However, mountain bikers often pose a significantly more hazardous situation for equestrian users than hiking does. This is due to the fact that a bike can get to a horse a lot faster and quieter than a hiker. If a rider turns a corner going fast and meets a horse – the risk for a serious accident significantly increases. It is of my personal opinion that trail designation is the best way to prevent accidents between equine and mountain bike users but not all user organizations support this as they feel it would be more restrictive to keep the two users apart. I am not writing this guide to argue the politics of the situation, though – I am writing it to encourage safety and sharing of the trail.
Like with hiking and runner, I highly recommend using a bear bell and a light on your bike if you plan to ride in horseback riding country. This will allow equine users to hear you coming towards them long before it could be too late. A hazardous contact between a mountain biker and horseback rider will likely often result in serious injury. The equine rider is up higher so a fall for them will be more dangerous. Many horseback riders don’t wear helmets (although common sense says they should) and many mountain bikers do.
Like with hiking, keep the ear buds out of your ear. Enjoy the sounds of nature or consider getting a radio mod that plays on the bike. It would be a good alternative to a bear bell! If you plan to ride fast, consider slowing down at least in the areas where you have poor view of what is to come. A horse isn’t your only danger in the Shawnee. You could be riding fast towards a down tree, a hole or rock that will cause you to wreck or even a hazardous animal such as our common Timber Rattlesnakes that roam the National Forest. You might consider sticking to more common mountain bike areas when wanting to go fast such as Touch of Nature or Lake Glendale/Dixon Springs trails.
Mountain bikers and horseback riders in the Shawnee haven’t always had the best relationship. We need to change this in order for us all to be able to enjoy a shared trail in the future. If we don’t, we are always going to have problems. You can help change this issue by always yielding to equine users. Stop and dismount the bike, move to the side of the trail and allow the rider passage and talk to the rider as if you’re talking to your friend. If the rider is angry and confrontational, kill them with kindness and set an example of a common-sense trail user.
Let’s go over some quick safety tips for safely enjoying the Shawnee with equestrian users:
- Always yield to equestrian users – their animals have a mind of their own
- Always talk to equine riders in a friendly manner to help the animal see that you’re not a threat
- Follow any special instructions the rider may have to help ensure the situation is safe
- Make sure you put your safety first, always and no matter what
- Keep ear bud at home so that you can be aware of what you are getting into
- Be aware of trails that allow equestrian usage and assume they are out there, too!

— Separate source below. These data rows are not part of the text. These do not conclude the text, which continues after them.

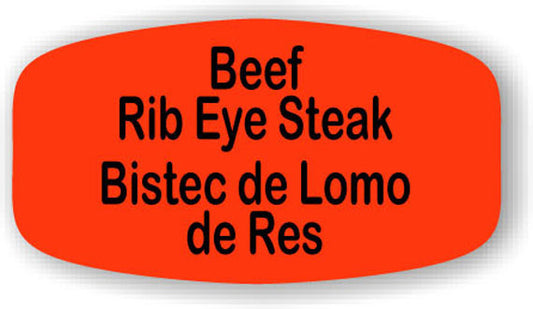 Beef Rib Eye Steak / Bistec de Lomo de Res Label | Roll of 1,000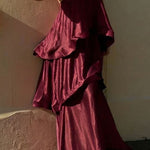 Margovil Adjustable Strap Ruffle Layered Satin Maxi Dress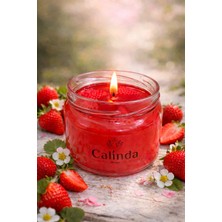 Calinda Candles Çilek Reçeli Tasarımlı Mum | Çilek Kokulu %100 Soya Wax Dekoratif Mum – El Yapımı Modern Mum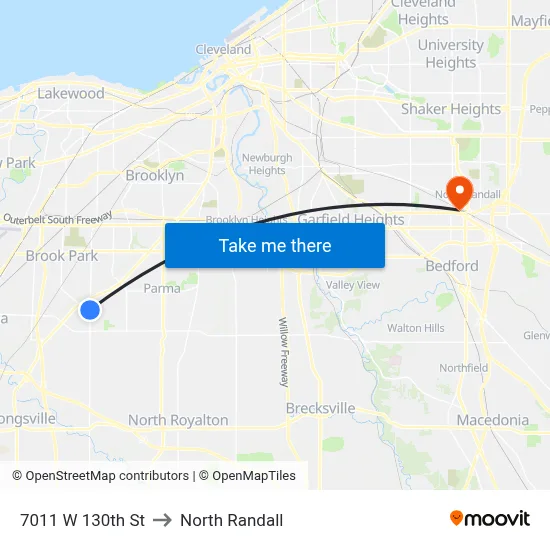 7011 W 130th St to North Randall map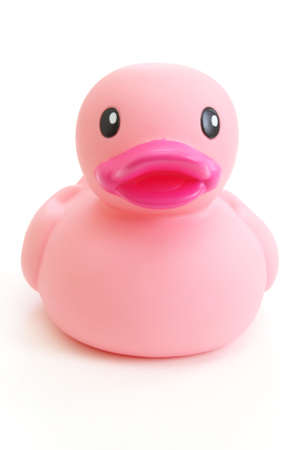 A pink rubber duck on white background.の写真素材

- Wear a bear bell on your pack or bike to help alert people you are near
- Use a headlamp or flashlight if you plan to be on a trail at night
- Go slow in blind spots so that you don’t rush into a dangerous situation
- Keep pets on a leash and use common sense
What Can Equine Riders Do?
If you’re reading this as an equestrian user, you can also do things to promote trail sharing and safety. You are a part of the community and it takes the entire community in order to be successful. I recommend first that you consider meeting with other organizations that support other user groups such as River to River Trail Society, Friends of the Shawnee National Forest and Shawnee Mountain Bike Association. We all need to be collaborating with one and another in order to truly promote safety and the sharing of trails.
I also recommend training your animal to be able to cope around those walking or on bikes. I’d reach out to equestrian organizations for information and resources on that subject. Maybe that could be something that the two organizations could team up and do? Just a thought!

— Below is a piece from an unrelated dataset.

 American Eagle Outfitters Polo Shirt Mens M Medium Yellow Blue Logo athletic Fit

Lastly, like you, these other users are out there to enjoy the National Forest. If you are frustrated with them be it their inexperience with sharing with horses or whatever, keep cool and keep respectful. If you are friendly to them, they will most likely be friendly in return and it makes for a wonderful opportunity for education from you to them.

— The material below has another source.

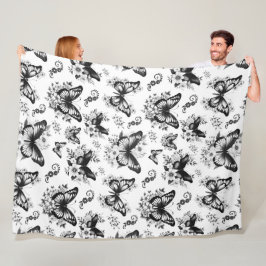 Black White Butterfly Mönster Fleece Blanket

In conclusion, we can all share the Shawnee National Forest with one and another safely by using common sense and thinking about the other user group. The old days where user groups would fight about who has the right to the trail is quickly fading away and it is going to take all groups to collaborate with one and another to be able to safely share the trail. As a general reminder-always yield to horseback riders, talk to the rider the entire time you have them in your sight and follow any extra instructions they might have in case their animal is having a difficult time. Always keep safety in mind. Leave the Shawnee with good memories, not bad injuries. Sharing is caring and there is plenty of public land to share!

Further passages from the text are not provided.